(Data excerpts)
--- --- ---

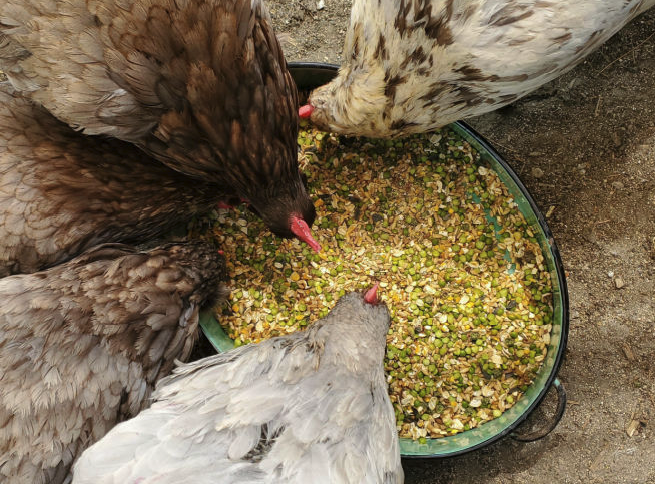 飼料中的鹽含量比較高對雞有哪些影響，會食鹽中毒嗎？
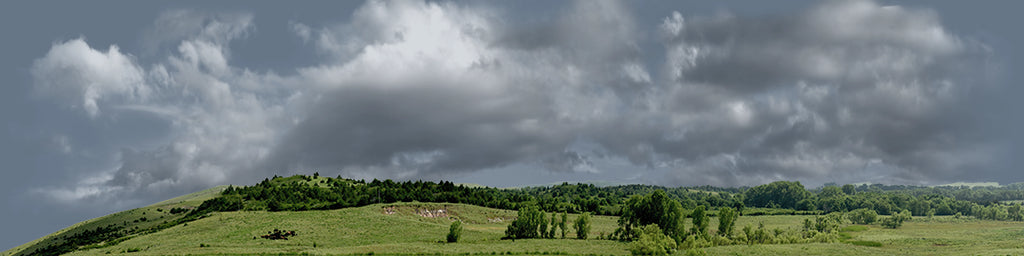 Kansas Pasture Vista left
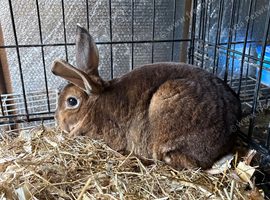 Mini Rex castor doe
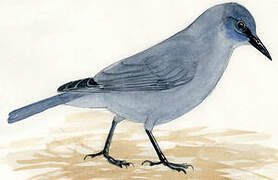 Pinyon Jay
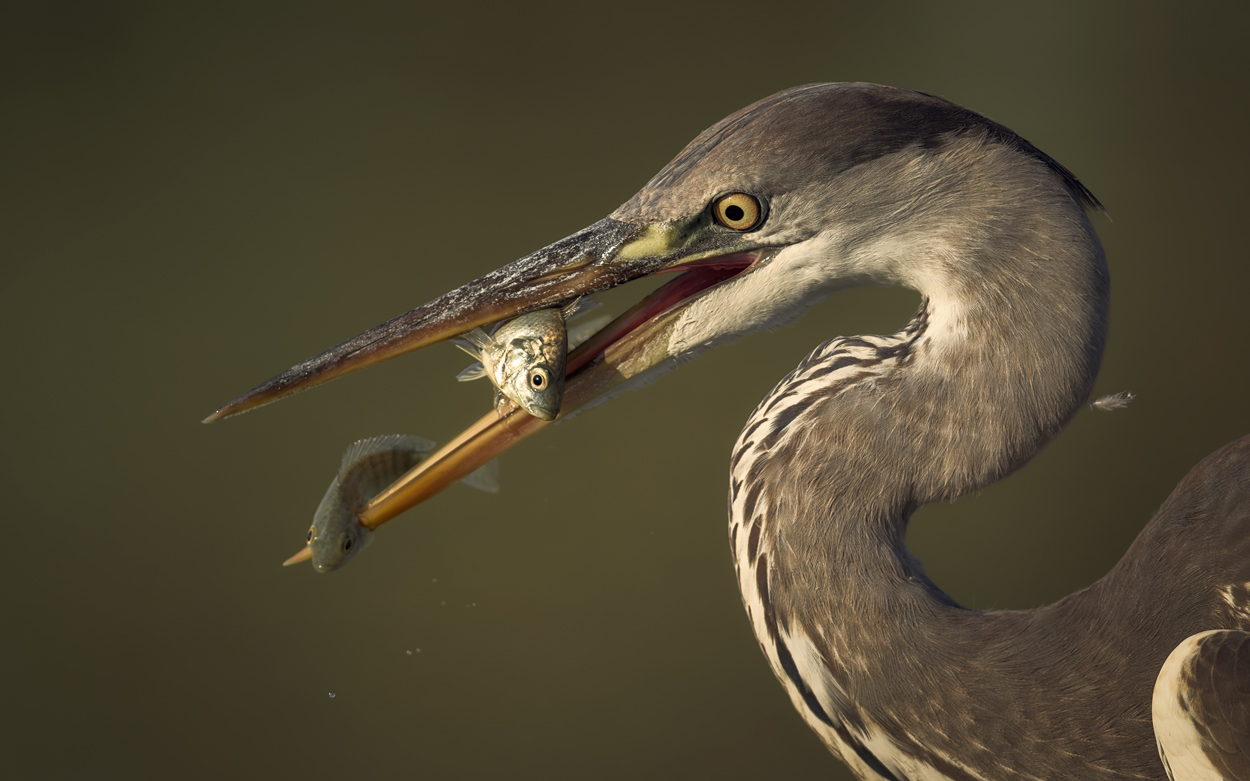 Feather and Fin fishing birds wildlife action photograph 06 by Khaldoon Aldway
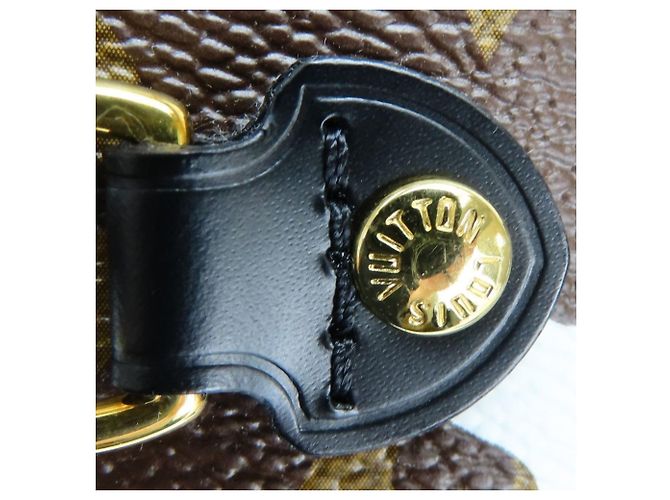 Borsa Tote Louis Vuitton Neverfull MM Marrone Nero Argento D'oro - vista 8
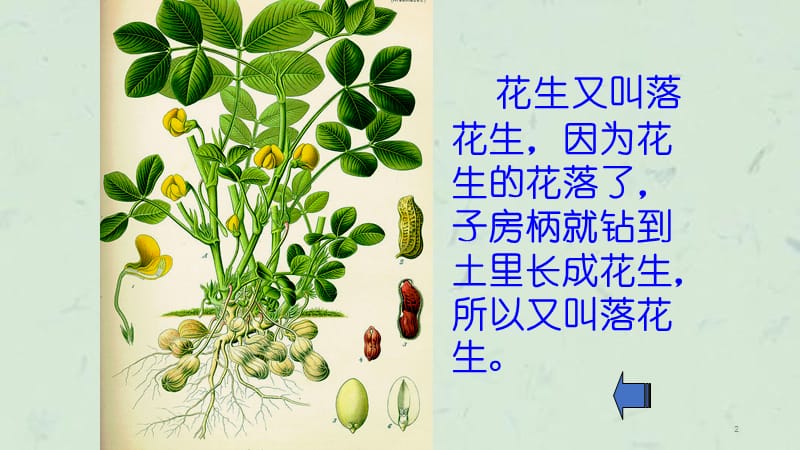 落花生用课件.ppt_第2页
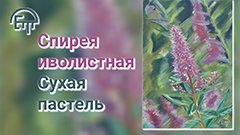 Спирея иволистая. Сухая пастель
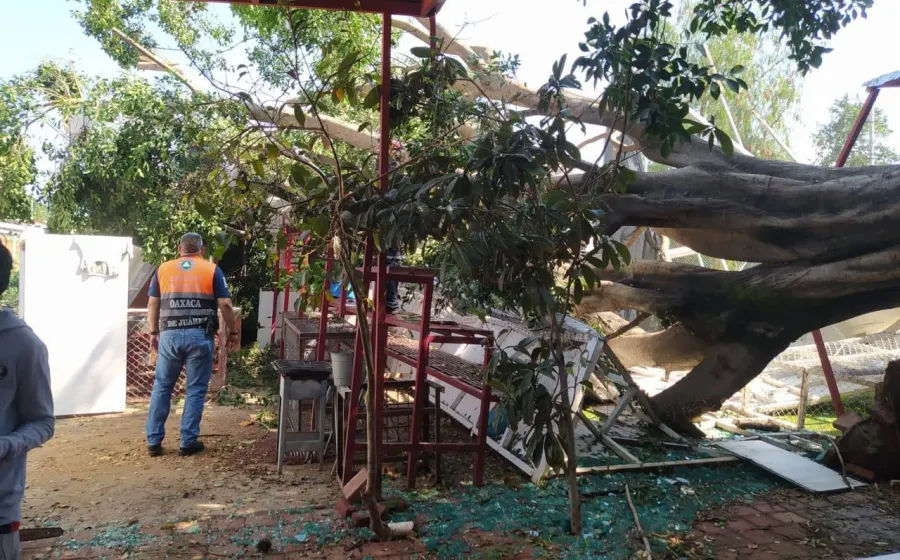 Continúan trabajos de atención y monitoreo en Oaxaca de Juárez tras lluvias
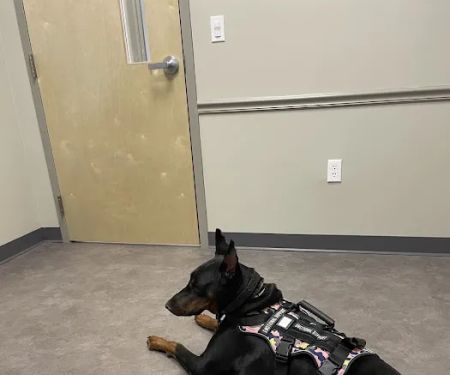 Seven Fields Veterinary Hospital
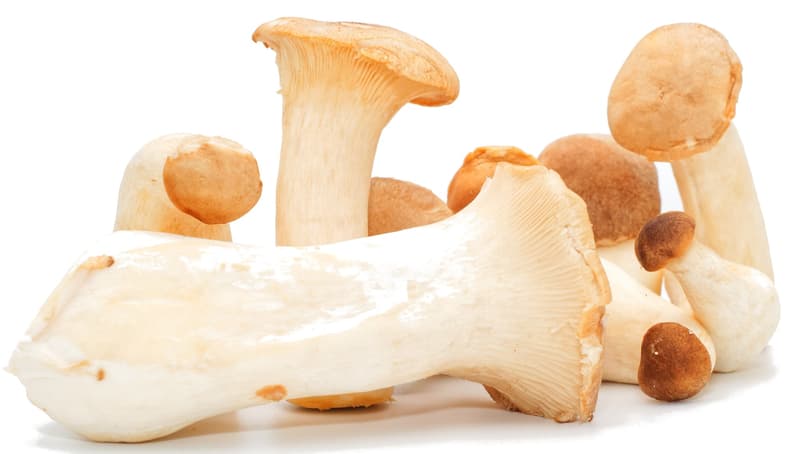 Organic king oyster mushrooms, shell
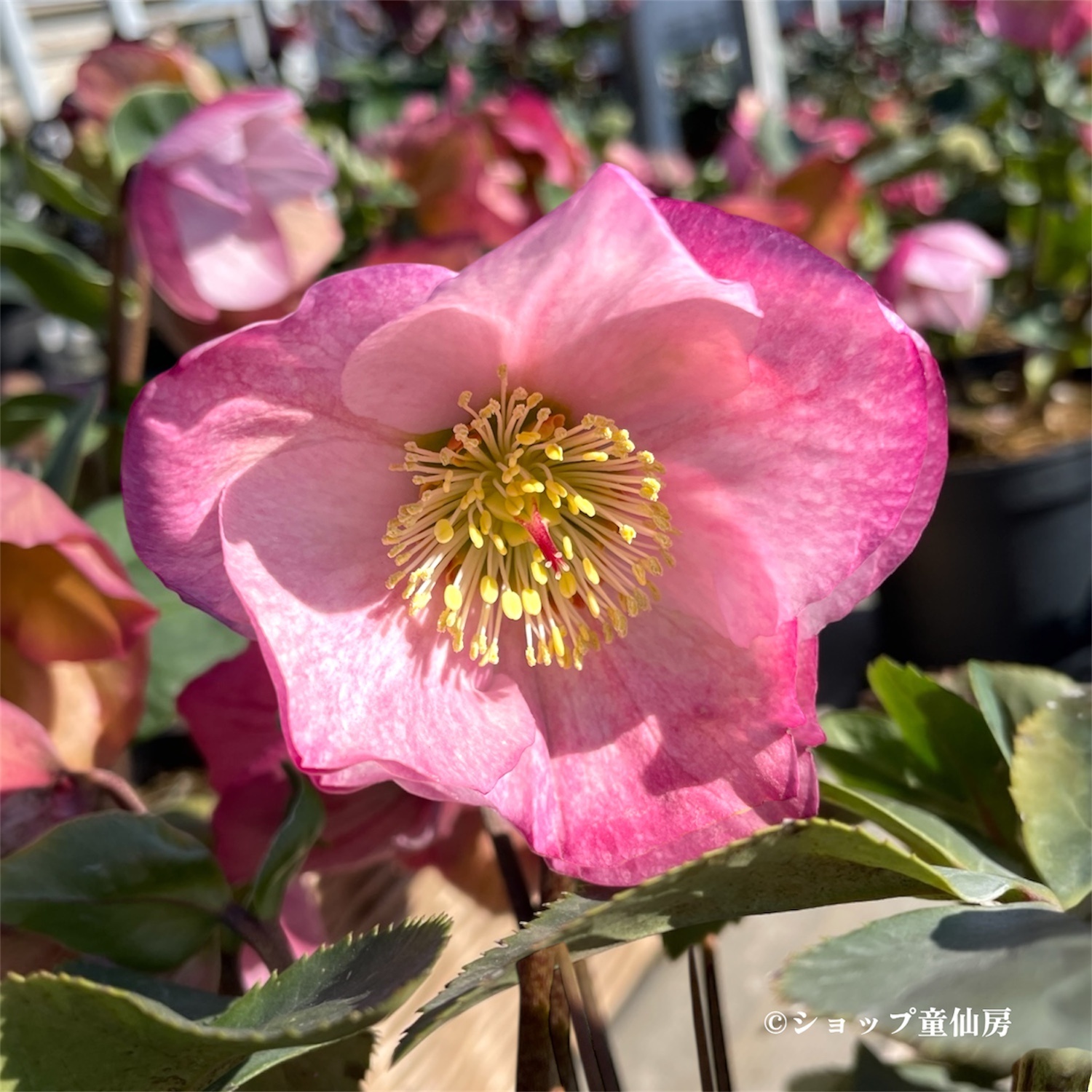 クリスマスローズ,童仙房ナーセリー＆ガーデンのクリスマスローズ,雪の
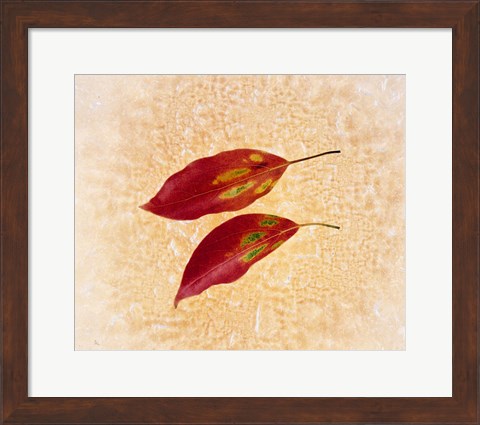 Framed Two red leaves on pink background Print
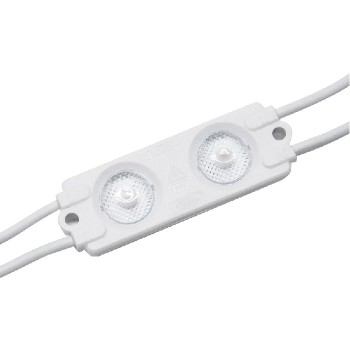Module DEL pour rétroéclairage - 2 DEL - SMD2835 - 110 V CA - 1 W - IP65 - 6000 K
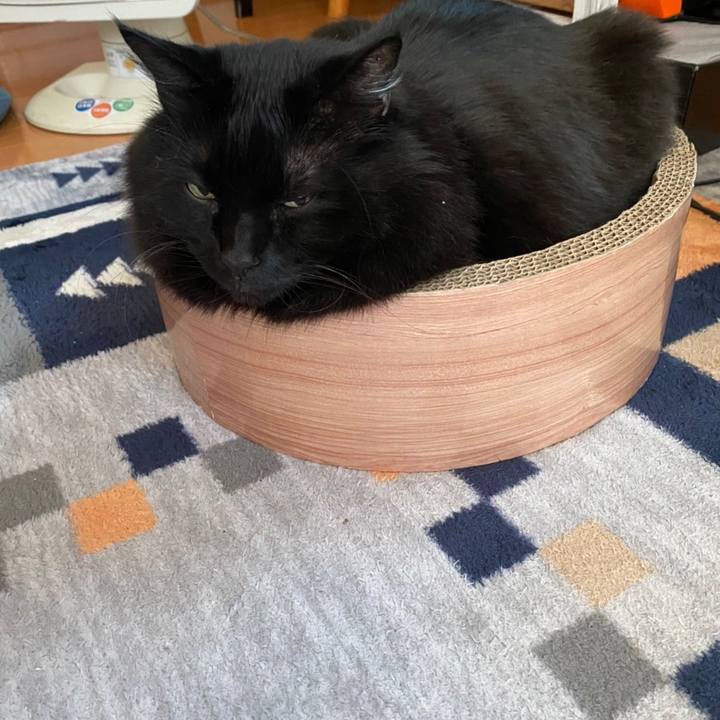 95dfb8aa 983c 46a1 a0d4 75ece851d09a 1608032798500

--- --- ---

> EXERCISE AIM
A word-for-word copy is required of the lines above from the line with "Framed Two red" through the last line of the data; no other lines and no pictures belong in it.

> WRITTEN RESPONSE
 Framed Two red leaves on pink background Print
Module DEL pour rétroéclairage - 2 DEL - SMD2835 - 110 V CA - 1 W - IP65 - 6000 K
 95dfb8aa 983c 46a1 a0d4 75ece851d09a 1608032798500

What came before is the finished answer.